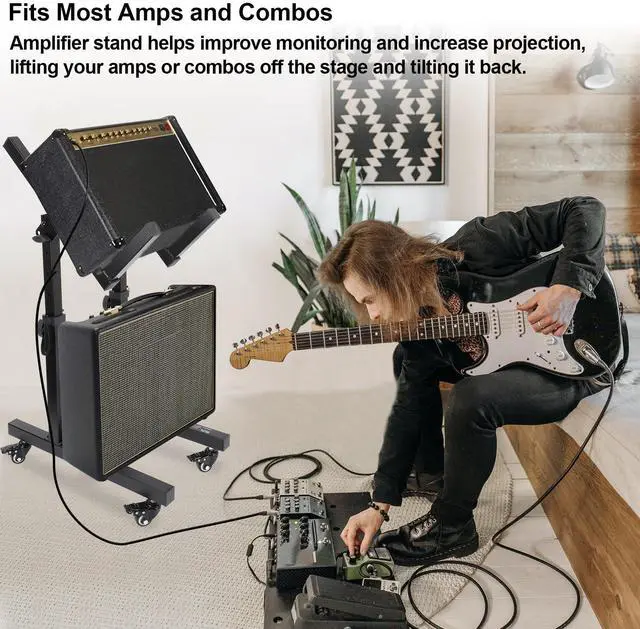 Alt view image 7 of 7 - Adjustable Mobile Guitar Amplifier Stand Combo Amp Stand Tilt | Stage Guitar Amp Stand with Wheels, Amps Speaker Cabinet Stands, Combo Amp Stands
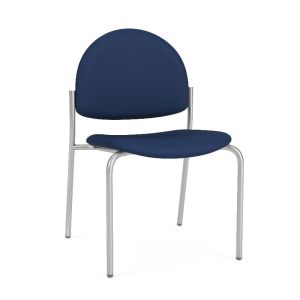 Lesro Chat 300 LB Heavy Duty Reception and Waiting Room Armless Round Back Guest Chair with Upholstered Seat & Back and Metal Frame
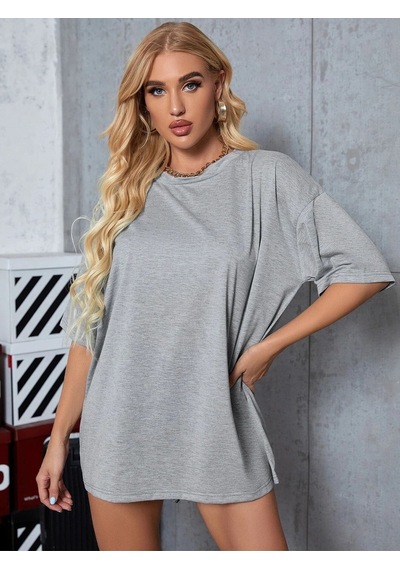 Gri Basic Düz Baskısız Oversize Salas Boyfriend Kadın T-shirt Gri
•••••
▸ Work instructions
Pictures do not belong in the copy. Repeat exactly each line from the one with "Lesro Chat 300" through the end of the listing.

▸ Solved exercise
 Lesro Chat 300 LB Heavy Duty Reception and Waiting Room Armless Round Back Guest Chair with Upholstered Seat & Back and Metal Frame
 Gri Basic Düz Baskısız Oversize Salas Boyfriend Kadın T-shirt Gri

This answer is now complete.